Manipulative

Sunday, January 25, 2009

Tim Geithner, in a break with Bush policy, has accused China of "manipulating its currency." In terms of plausibility, this is rather akin to accusing Toyota of making cars, but China naturally vigorously denies the accusations. We can only hope that Geithner's accusation is not just a repeat of Hank Paulson's vague, obviously toothless grumblings, but I'm not holding my breath for real concerted action on the Chinese currency issue. China is too big, powerful, and aggressive.

But that doesn't mean that the issue isn't important. Sebastian Mallaby explains why:
Geithner is correct that China manipulates its currency. What's more, this manipulation is arguably the most important cause of the financial crisis. Starting around the middle of this decade, China's cheap currency led it to run a massive trade surplus. The earnings from that surplus poured into the United States. The result was the mortgage bubble.
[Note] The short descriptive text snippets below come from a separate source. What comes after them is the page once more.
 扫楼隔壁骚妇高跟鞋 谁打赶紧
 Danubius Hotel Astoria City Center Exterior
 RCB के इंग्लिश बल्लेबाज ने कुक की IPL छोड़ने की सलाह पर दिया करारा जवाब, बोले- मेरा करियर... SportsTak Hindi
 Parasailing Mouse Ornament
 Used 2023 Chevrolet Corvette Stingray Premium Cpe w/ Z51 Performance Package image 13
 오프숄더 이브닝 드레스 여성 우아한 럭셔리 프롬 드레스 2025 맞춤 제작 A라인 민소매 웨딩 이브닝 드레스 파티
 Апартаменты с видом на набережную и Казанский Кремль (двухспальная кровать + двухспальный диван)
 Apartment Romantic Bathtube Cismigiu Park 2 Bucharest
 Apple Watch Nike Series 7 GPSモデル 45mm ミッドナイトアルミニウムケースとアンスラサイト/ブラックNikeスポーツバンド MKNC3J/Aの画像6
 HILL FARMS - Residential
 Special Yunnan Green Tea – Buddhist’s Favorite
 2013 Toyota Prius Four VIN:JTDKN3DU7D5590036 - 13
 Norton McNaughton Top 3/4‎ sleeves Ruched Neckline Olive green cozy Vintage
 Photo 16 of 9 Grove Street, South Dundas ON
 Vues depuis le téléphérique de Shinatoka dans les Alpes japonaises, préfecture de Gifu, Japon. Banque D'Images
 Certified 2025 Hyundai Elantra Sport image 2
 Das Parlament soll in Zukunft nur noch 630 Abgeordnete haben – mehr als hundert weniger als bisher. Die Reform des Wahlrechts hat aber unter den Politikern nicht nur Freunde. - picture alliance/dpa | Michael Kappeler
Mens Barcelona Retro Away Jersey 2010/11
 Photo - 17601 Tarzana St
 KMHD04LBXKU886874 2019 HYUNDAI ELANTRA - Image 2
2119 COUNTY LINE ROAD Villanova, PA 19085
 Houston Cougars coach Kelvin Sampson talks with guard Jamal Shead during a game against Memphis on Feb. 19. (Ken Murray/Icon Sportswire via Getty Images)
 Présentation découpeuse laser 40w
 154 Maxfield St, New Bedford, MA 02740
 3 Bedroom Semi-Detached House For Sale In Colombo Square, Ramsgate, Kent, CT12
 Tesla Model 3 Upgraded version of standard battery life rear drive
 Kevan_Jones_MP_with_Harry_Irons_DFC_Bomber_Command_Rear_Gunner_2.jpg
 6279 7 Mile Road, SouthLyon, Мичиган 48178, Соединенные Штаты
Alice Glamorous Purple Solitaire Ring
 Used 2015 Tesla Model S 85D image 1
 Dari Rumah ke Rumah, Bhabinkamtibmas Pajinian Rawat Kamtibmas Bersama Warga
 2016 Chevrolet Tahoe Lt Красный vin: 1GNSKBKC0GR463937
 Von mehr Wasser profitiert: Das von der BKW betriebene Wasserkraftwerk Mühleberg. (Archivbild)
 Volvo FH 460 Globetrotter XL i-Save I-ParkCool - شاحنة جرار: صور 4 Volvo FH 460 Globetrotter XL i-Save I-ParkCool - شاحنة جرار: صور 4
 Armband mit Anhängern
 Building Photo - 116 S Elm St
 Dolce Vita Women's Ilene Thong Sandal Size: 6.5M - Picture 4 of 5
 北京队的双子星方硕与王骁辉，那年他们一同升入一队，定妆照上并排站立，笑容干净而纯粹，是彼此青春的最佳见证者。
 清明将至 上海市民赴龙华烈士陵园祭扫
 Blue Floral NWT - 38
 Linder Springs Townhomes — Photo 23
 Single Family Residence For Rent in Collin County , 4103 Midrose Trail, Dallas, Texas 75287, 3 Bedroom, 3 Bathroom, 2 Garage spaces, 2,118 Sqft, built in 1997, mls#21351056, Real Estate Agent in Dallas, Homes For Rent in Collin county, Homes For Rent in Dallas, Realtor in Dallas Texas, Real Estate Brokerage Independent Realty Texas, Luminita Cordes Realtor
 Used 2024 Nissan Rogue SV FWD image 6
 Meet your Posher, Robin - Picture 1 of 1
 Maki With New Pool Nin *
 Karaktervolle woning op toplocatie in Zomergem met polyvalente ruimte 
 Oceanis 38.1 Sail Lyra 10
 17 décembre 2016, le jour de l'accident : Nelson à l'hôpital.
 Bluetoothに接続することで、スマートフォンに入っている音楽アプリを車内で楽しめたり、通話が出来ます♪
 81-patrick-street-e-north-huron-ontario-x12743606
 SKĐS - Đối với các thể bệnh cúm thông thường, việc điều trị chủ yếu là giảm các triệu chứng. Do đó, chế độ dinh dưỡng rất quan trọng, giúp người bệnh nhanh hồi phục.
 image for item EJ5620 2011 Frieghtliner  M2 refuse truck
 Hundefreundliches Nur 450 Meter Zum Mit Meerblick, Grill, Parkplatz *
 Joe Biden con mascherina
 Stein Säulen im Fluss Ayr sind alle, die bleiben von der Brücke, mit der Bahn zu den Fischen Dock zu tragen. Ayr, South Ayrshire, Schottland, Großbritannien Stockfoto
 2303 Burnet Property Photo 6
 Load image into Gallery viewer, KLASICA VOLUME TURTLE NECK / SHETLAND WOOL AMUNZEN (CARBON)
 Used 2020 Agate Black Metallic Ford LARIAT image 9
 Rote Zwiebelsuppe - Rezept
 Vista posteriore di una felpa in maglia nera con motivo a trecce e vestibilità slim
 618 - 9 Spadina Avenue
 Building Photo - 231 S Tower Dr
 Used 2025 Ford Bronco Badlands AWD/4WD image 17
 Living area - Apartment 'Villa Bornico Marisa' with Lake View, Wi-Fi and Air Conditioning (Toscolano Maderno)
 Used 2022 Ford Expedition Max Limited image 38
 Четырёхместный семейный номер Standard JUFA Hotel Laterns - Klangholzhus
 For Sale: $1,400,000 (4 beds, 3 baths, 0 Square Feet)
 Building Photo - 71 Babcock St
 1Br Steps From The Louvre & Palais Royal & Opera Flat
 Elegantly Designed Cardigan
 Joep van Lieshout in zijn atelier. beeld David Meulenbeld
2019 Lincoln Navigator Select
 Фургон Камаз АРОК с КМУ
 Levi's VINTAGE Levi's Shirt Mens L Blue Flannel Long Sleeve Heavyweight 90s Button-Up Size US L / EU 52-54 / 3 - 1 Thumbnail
China's leaders protest that they are being unfairly scapegoated. Yet while there are rival accounts of the origins of the crisis, neither has the explanatory force of the blame-China narrative.

The first rival account is that the crisis reflected failings of U.S. financial regulation. Such failings exist, but most have been around for years. The mortgage bubble reached its craziest extremes in 2005-07, when China was flooding the world with cheap capital.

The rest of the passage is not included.